VIIRS shortwave IR (M-13) image (22:09 UTC 4 July 2015)

Here, we have reached color table saturation (yellow is as high as it goes), but M-13 did not saturate. In fact, the “fold-over” pixels in I-4 have a brightness temperature above 500 K in M-13. That’s 130-140 K above the saturation point of I-4 (110-120 K above the top of the color table)! The lack of saturation is also why the hot spots appear hotter in M-13, even though it has lower spatial resolution:

Animation comparing VIIRS shortwave IR bands I-4 and M-13 (22:09 UTC 2015)

Animation comparing VIIRS shortwave IR bands I-4 and M-13 (22:09 UTC 2015)

The fact that intense fires show up at 1.6 µm is part of the design of the Fire Temperature RGB. Most fires show up at 3.7 µm (red component). Moderately intense fires are also visible at 2.25 µm (green component) and will appear orange to yellow. Really intense fires, like these, appear at 1.6 µm (blue component) and will appear white (or nearly white):

VIIRS Fire Temperature RGB composite of M-10, M-11, and M12 (22:09 UTC 4 July 2015)

VIIRS Fire Temperature RGB composite of M-10, M-11, and M-12 (22:09 UTC 4 July 2015)

And, if you’re curious as to how all four of these images compare, here you go:

Animation comparing VIIRS images of intense wildfires (22:09 UTC 4 July 2015)

Animation comparing VIIRS images of intense wildfires (22:09 UTC 4 July 2015)

Shortwave infrared wavelengths are good for detecting fires, visible wavelengths are good for detecting smoke and the Natural Color composite, which uses wavelengths in-between, might just detect both – especially when intense fires exist.
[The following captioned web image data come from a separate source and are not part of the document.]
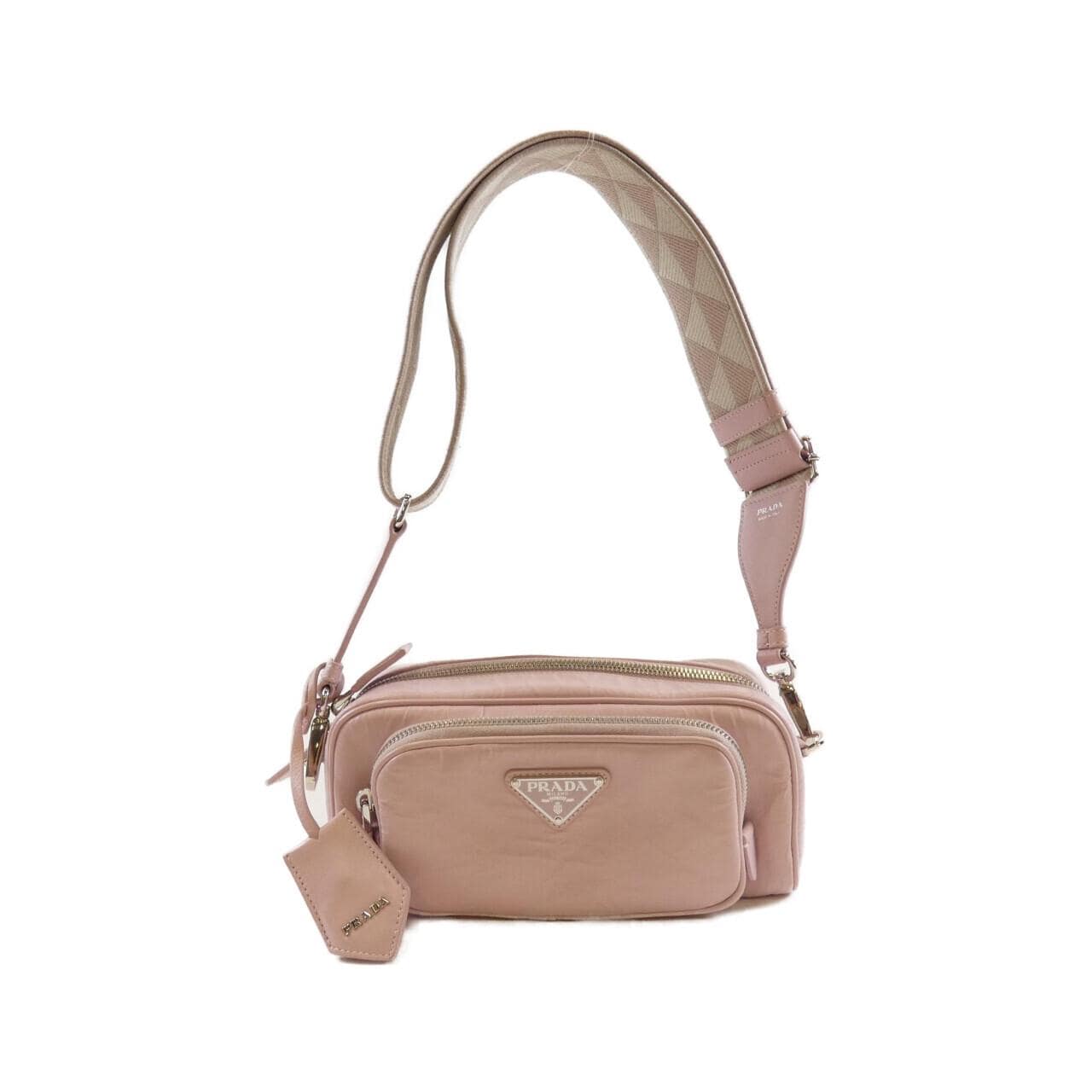 Prada 1BH198肩背包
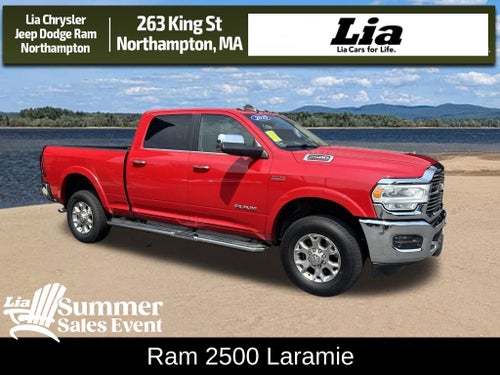2019 RAM 2500 Laramie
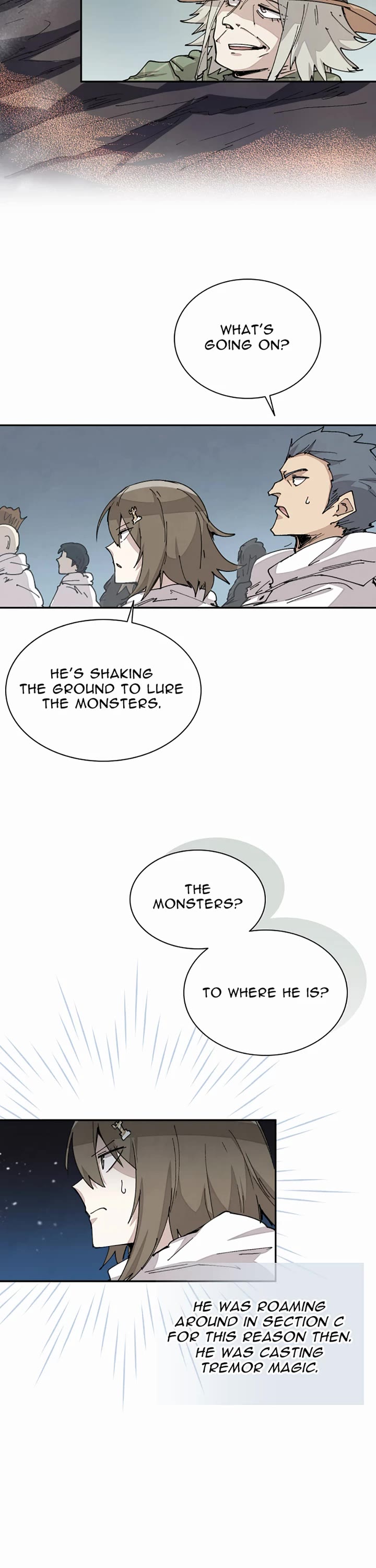 Reincarnation of the Hero Party's Archmage Chapter 52 page 3 - Chapter 52
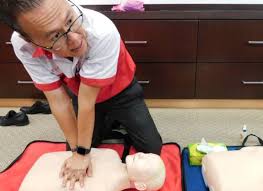 The first aid training and certification process takes just a few hours to complete, but can help you deliver the care that someone needs while waiting for medical professionals to arrive. First Aid Training Home Malaysian Red Crescent Society Penang State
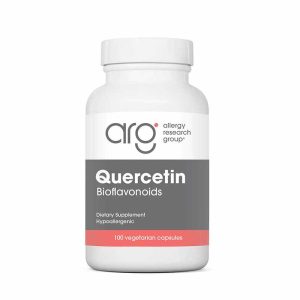 Quercetin Bioflavonoids, 100 Veg Capsules, by Allergy Research Group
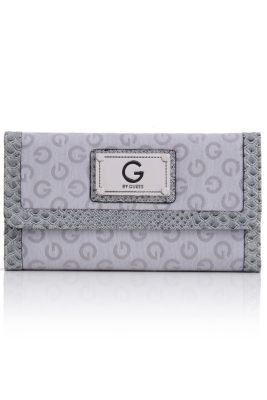 Royal G Checkbook Clutch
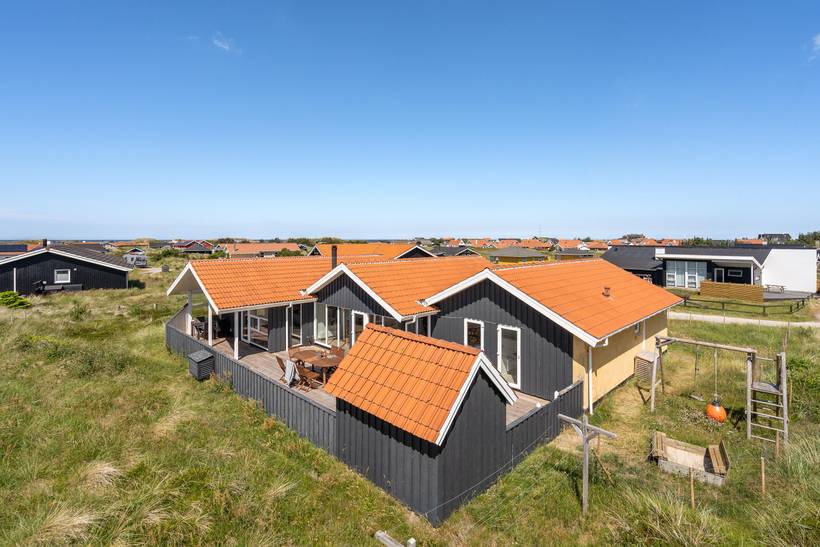 Foto von Ferienhaus RA68 in Klitmøller - Thy/Limfjord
Funny River Isn’t Laughing

Imagine you’re getting ready for bed. You take one last look out of your bedroom window and you see this:

Photo of Funny River Fire

Photo of the Funny River Fire, taken near 1:00 AM local time (0900 UTC), 21 May 2014. Courtesy Bill Roth/Alaska Dispatch.

Good luck sleeping!

That is the light and smoke from the Funny River Fire, which started on 20 May 2014 and rapidly grew to over 44,000 acres in under 48 hours. Rapidly expanding fires like this one burn through a lot of fuel and can create a lot of smoke. Enough smoke to be seen by radar:

And certainly enough smoke to be seen from space:

VIIRS "True Color" RGB Composite, taken 21:58 UTC 20 May 2014

VIIRS “True Color” RGB Composite of channels M-3, M-4 and M-5, taken 21:58 UTC 20 May 2014

Look for the grayish plume arcing from the Kenai Peninsula out over the Gulf of Alaska. That is one impressive smoke plume!
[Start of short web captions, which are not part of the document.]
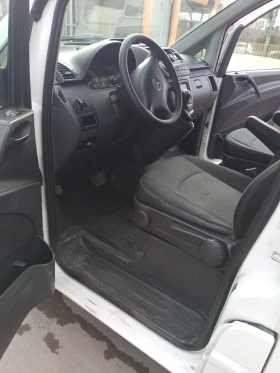 Mercedes-Benz Vito, снимка 9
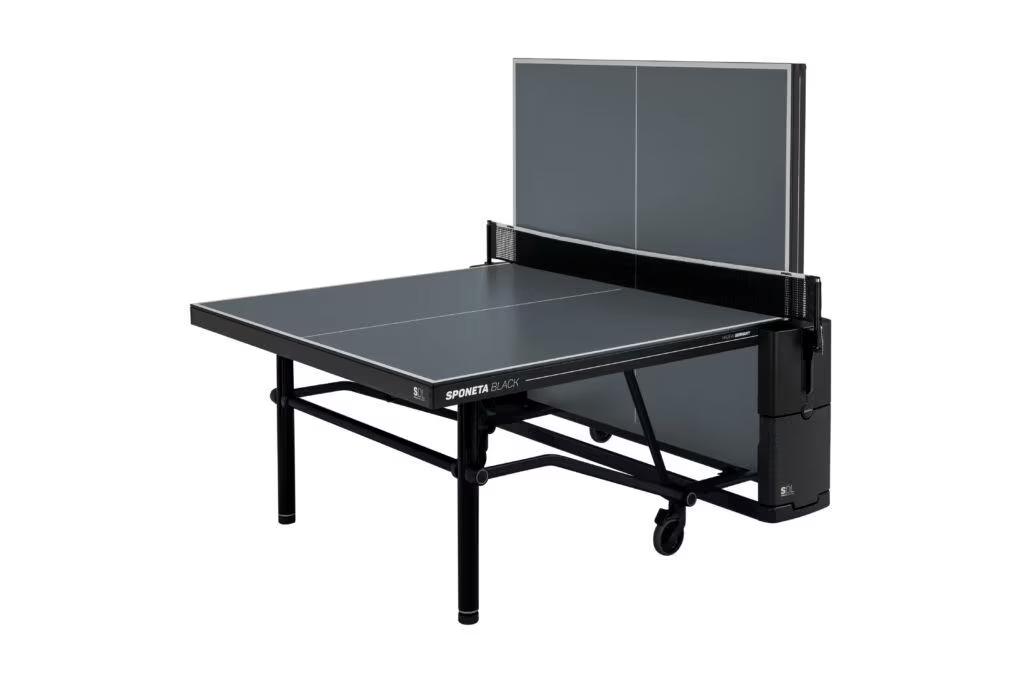 Tafeltennistafel - Tennistafel - Indoor - Speeltafel, Sport en Fitness, Tafeltennis, Cave & Garden, Verzenden, Nieuw, Net, Batje(s) of Balletje(s)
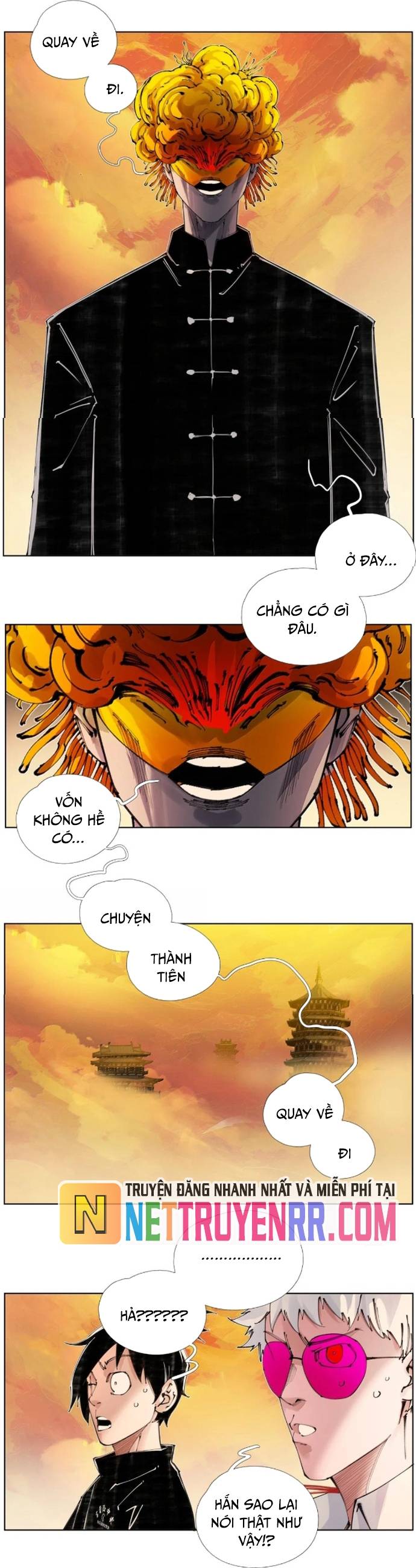 Tiền Liệt Tiên Chap 54 - Next Chap 55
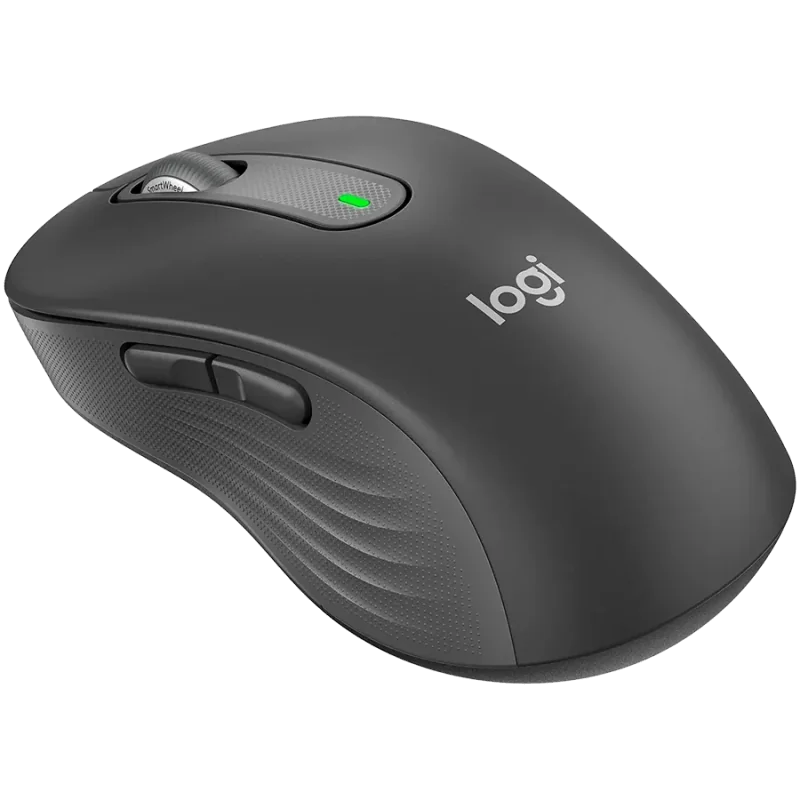 LOGITECH M650 Signature Bluetooth Mouse - GRAPHITE - B2B - 1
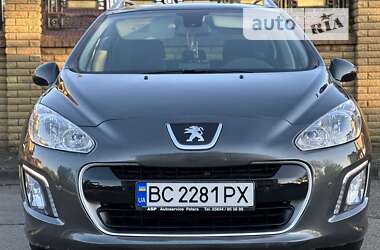 Универсал Peugeot 308 2012 в Стрые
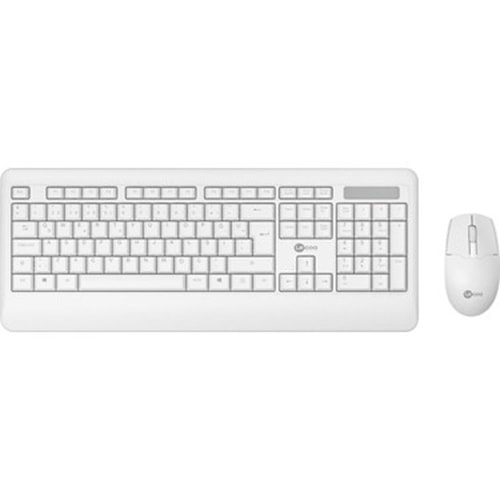 LECOO KABLOSUZ TÜRKÇE Q KLAVYE MOUSE SET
The image above is what we like to call a “True Color” image. It is a combination of the red, green and blue visible-wavelength channels of VIIRS (M-5, 0.67 µm; M-4, 0.55 µm; M-3, 0.48 µm, respectively), so named because it represents the “true” color of objects as the human eye would see them. It is the most commonly used “RGB composite”, which is why a number of people simply refer to it as the “RGB”. To add more confusion, other people call it “Natural Color” because it is only an approximation of the “true” color and has to be corrected for atmospheric effects (i.e. Rayleigh scattering) to look right. However, we want to distinguish this from the EUMETSAT definition of “Natural Color”, which looks like this:

VIIRS "Natural Color" composite, taken 21:58 UTC 20 May 2014

VIIRS “Natural Color” composite of channels I-1, I-2 and I-3, taken 21:58 UTC 20 May 2014

Notice that the smoke plume isn’t as easy to see in the Natural Color image. This is because we are looking at longer wavelengths {1.61 µm (I-3, red component), 0.87 µm (I-2, green component) and 0.64 µm (I-1, blue component)} and smoke scatters less solar radiation back to the satellite as the wavelength increases. This is also why the smoke appears blue – the only channel of the three really able to see the smoke plume is I-1 (the blue component). The fact that we are able to see the smoke at all in the Natural Color image is a testament to just how much smoke there is!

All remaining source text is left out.